Я уловил движение рук судьи. Это была команда на жим.
Я вложил в срыв всю совокупную энергию мышц плеч, рук и груди. От высоты срыва зависел успех. Если он высок, мышцы оказываются в наивыгоднейшем положении. И развивают наибольшую мощность. Я снял штангу высоко и точно.
И я впрягся в жим. Мышцы туже и туже стягивали меня. Я чувствовал, как мышцы становятся тверже. Они становились тверже с каждым мгновением, быстрее каждого мгновения. Меня задвигала жесткость мышц.
Я знал, когда мышцы окаменеют, усилие иссякнет. Я знал, когда меня стиснет твердость мышц, все будет кончено. И я гнал «железо», запрещая мышцам опаздывать с усилием.
Я слышал скорость штанги, примеривался к ней, узнавал ее – это был заданный ритм, мой ритм. На такой скорости штанга должна была пройти. И она прошла.
Я сделал последнее усилие мышцами спины и совместил свой центр тяжести с центром тяжести штанги. Вес был на прямых руках и застопорен.
Я ждал команды. Я догадался о ней по гримасе, которая исказила лицо судьи-фиксатора. И по тому, как зашевелилась темнота за его спиной, как зарябили вспышки блицев и ровно лежала штанга в моих руках.
Я опустил «железо» и осторожно глотнул воздух. Я не дышал все усилие. Я глотнул очень мало воздуха. Я проверял себя. Я сидел на корточках и делал вид, что закатываю штангу на середину помоста. Нет, я сработал точно и быстро – шока не было. Я отпустил гриф, выпрямился и повернулся к табло.
Три белые лампочки выдали команду победы…
В оскале мокрого бледного лица я узнал улыбку Семена. Он торопливо шел ко мне. Его плечо ерзало в нервном тике.
И тогда я впервые услышал зал. Теперь он не угрожал моим усилиям, и я пустил его в свое сознание. В черном провале за рампой голоса слились в вой.
– Пусть теперь работает, – сказал я. Я имел в виду Мунтерса. – Пусть! Теперь точка, не уйдет!..
И я почувствовал запахи. Привычные запахи всех залов. Воздух был разогрет прожекторами. Здесь на сцене он был сух и жарок.
Я стоял неподвижно. Я не выполнял жим, но «железо» не обошло меня. Я был с Каревым в одном измерении чувств. И я понял, он зацепился за верные чувства. Дело пойдет…

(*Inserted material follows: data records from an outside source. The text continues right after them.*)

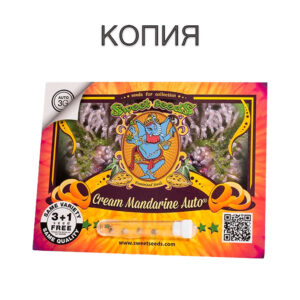 Cream Mandarin Авто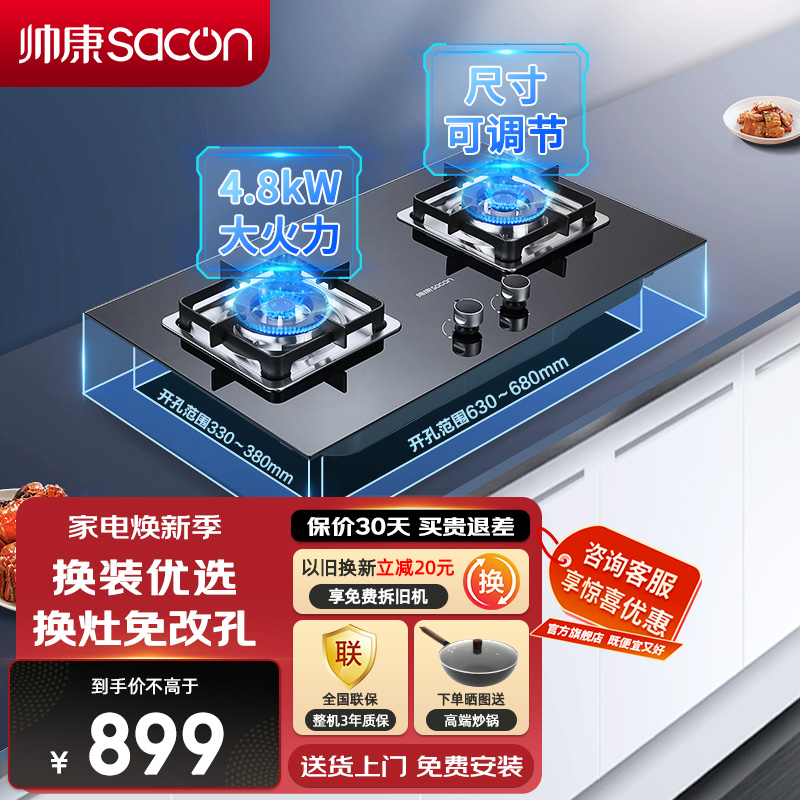 帅康(sacon)燃气灶液化气JZY-LB850B1
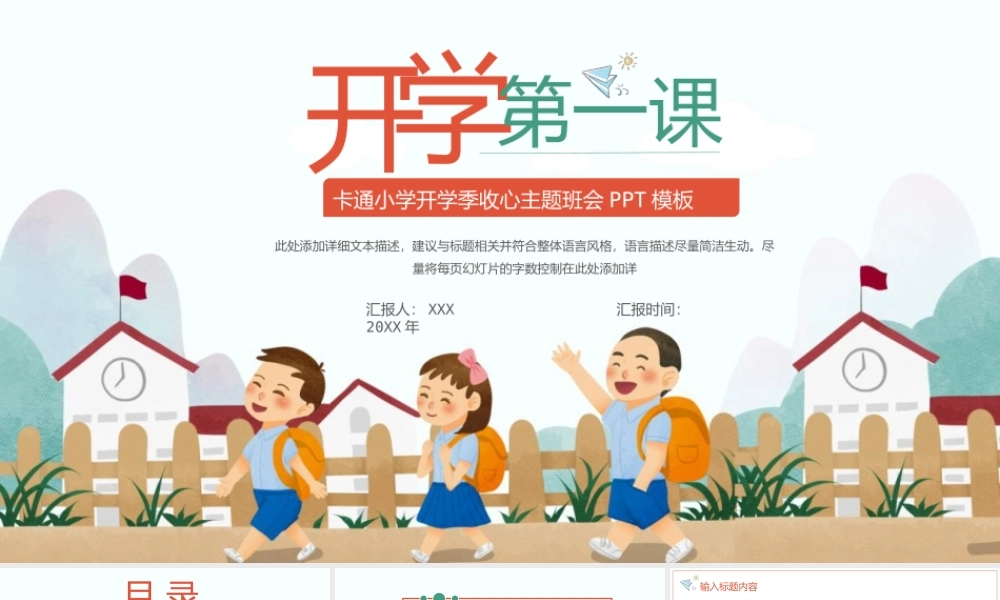 开学第一课新生班会PPT模板下载.pptx
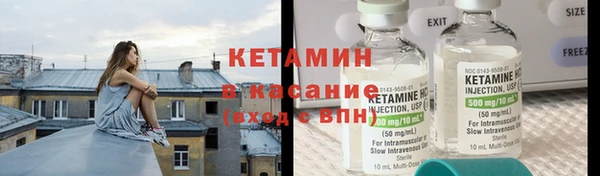дмт Заволжск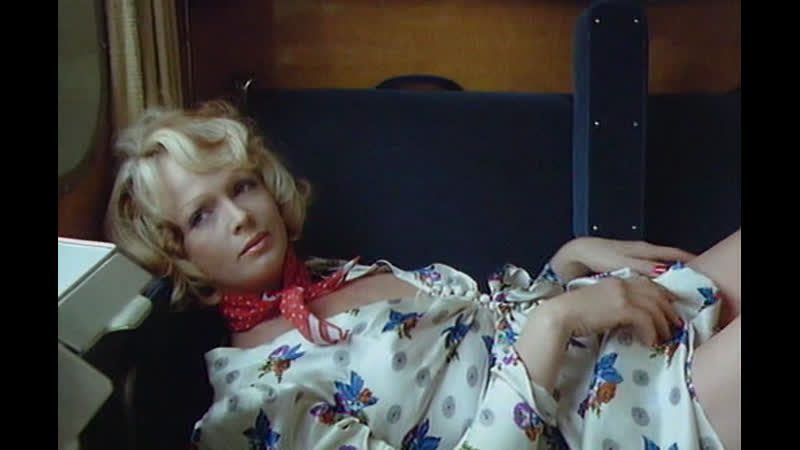 Джулия 1974
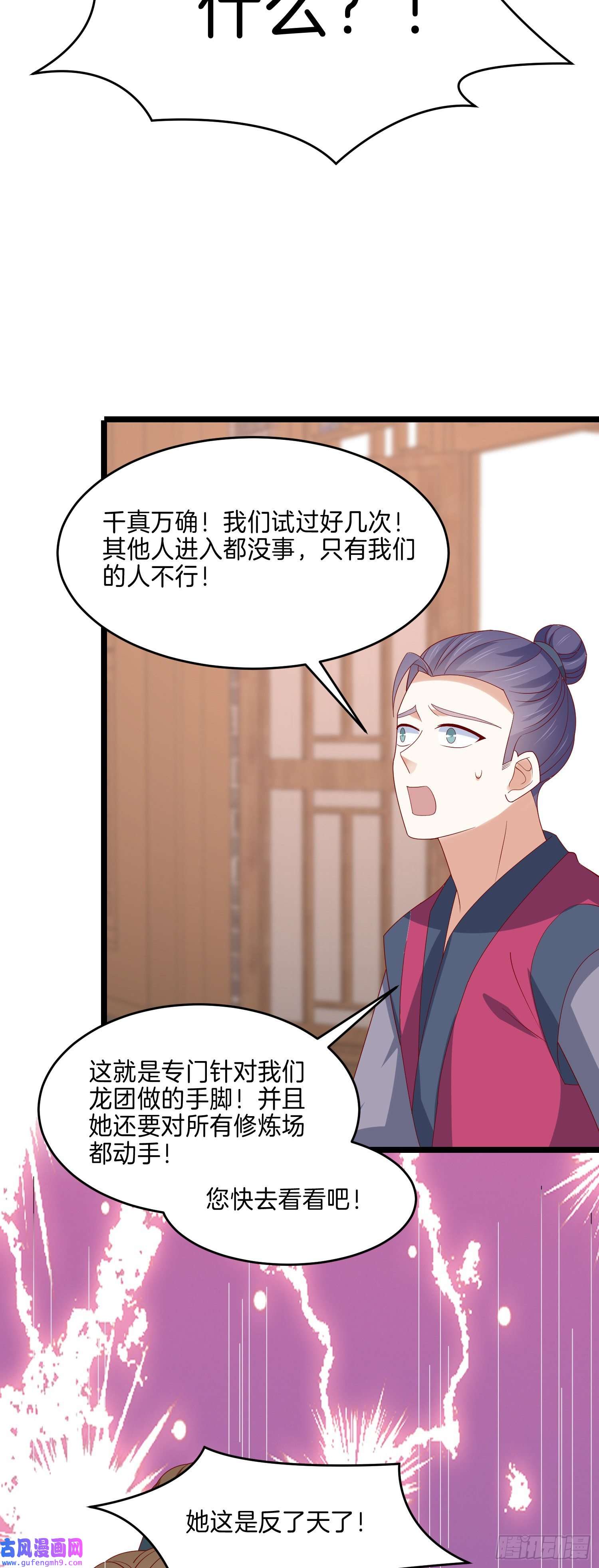 至尊瞳术师：绝世大小姐第二百八十八话 洛清瞳你完了！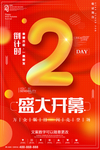盛大开业 开幕
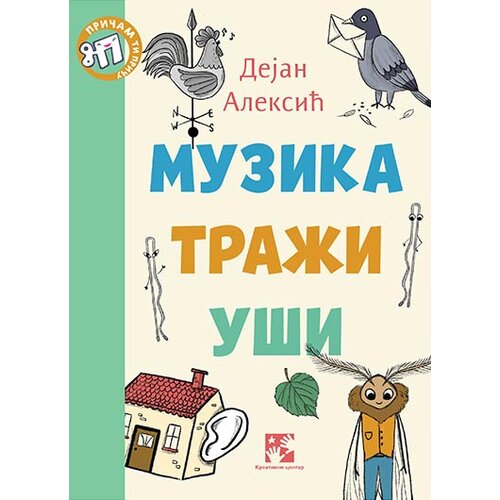 Kreativni Centar Dejan Aleksić - Muzika traži uši Cene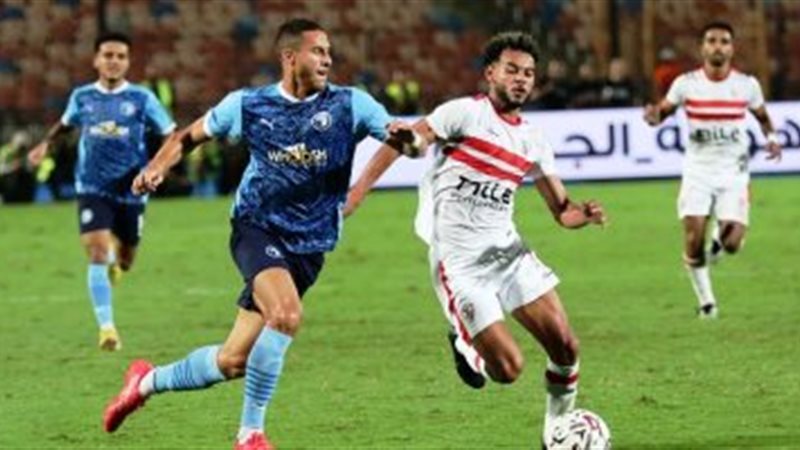 بيراميدز والزمالك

И я не ошибся, этот сутуловатый обилием мышц спины и плеч атлет был создан для поединка. Талантом борьбы была отмечена его сила.
Четыре с половиной часа выступали полусредневесы. И четыре с половиной часа Семен открывал для себя свою же силу. В ту ночь он был велик.

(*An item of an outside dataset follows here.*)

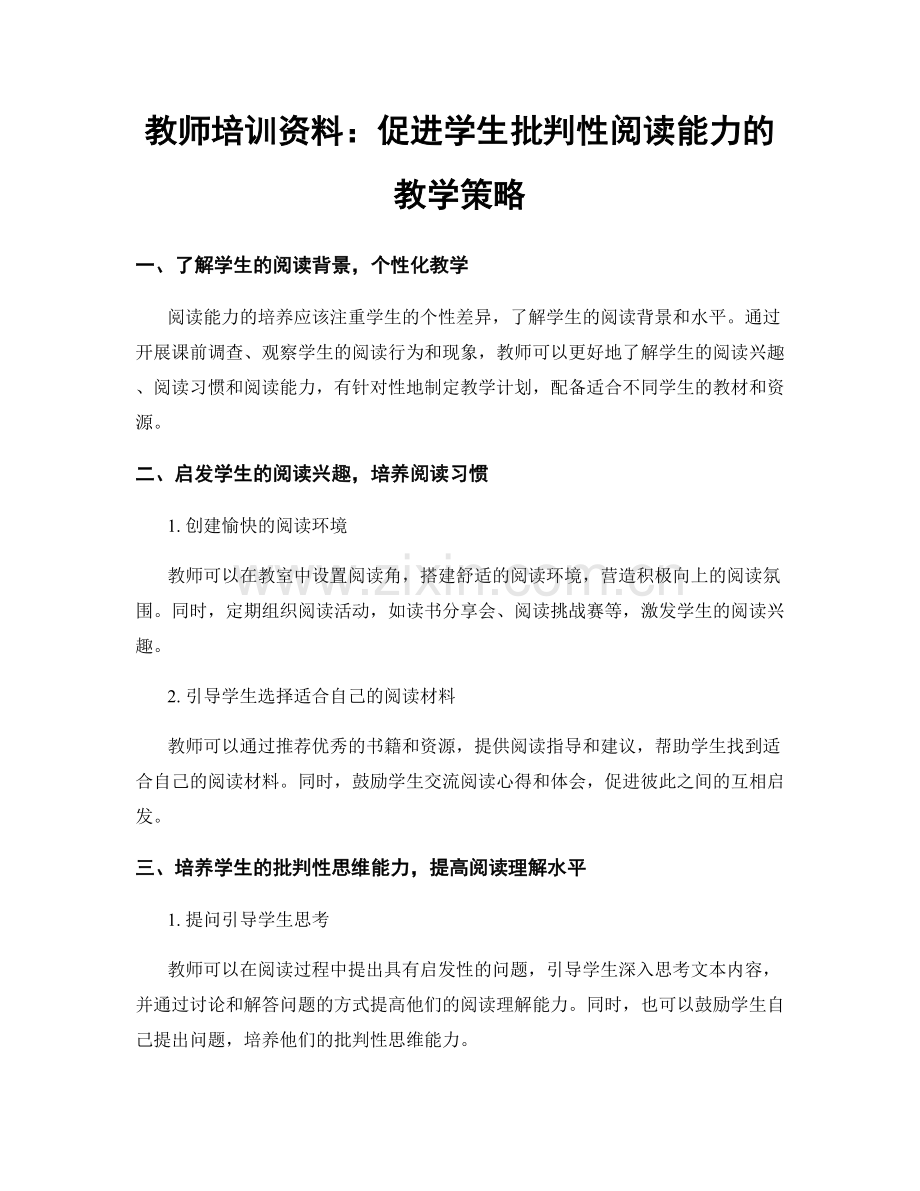 教师培训资料：促进学生批判性阅读能力的教学策略.docx_第1页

Я «менажировал» Семена на всех чемпионатах. Я не мог поступить иначе. Он верил каждому моему слову. И все его неудачи я растворял напряженностью своих чувств. Я знал, какими словами и как оживляют «железо». И еще я, наверное, умею «менажировать».
Я «менажировал» Семена на чемпионатах в Амстердаме, Москве, Софии и Чикаго… Чикаго! Безумный город, помешанный на машинах и рекламе. Огромный задымленный город. Город, у которого отнято небо и в жилах которого отравленная кровь нескончаемых забот…
В Чикаго Клод Бежар фуксами в жиме отыграл у Семена пятнадцать килограммов. И все равно Семен «съел» бы его, но в решающей попытке в рывке он поспешил встать и уронил уже взятый вес!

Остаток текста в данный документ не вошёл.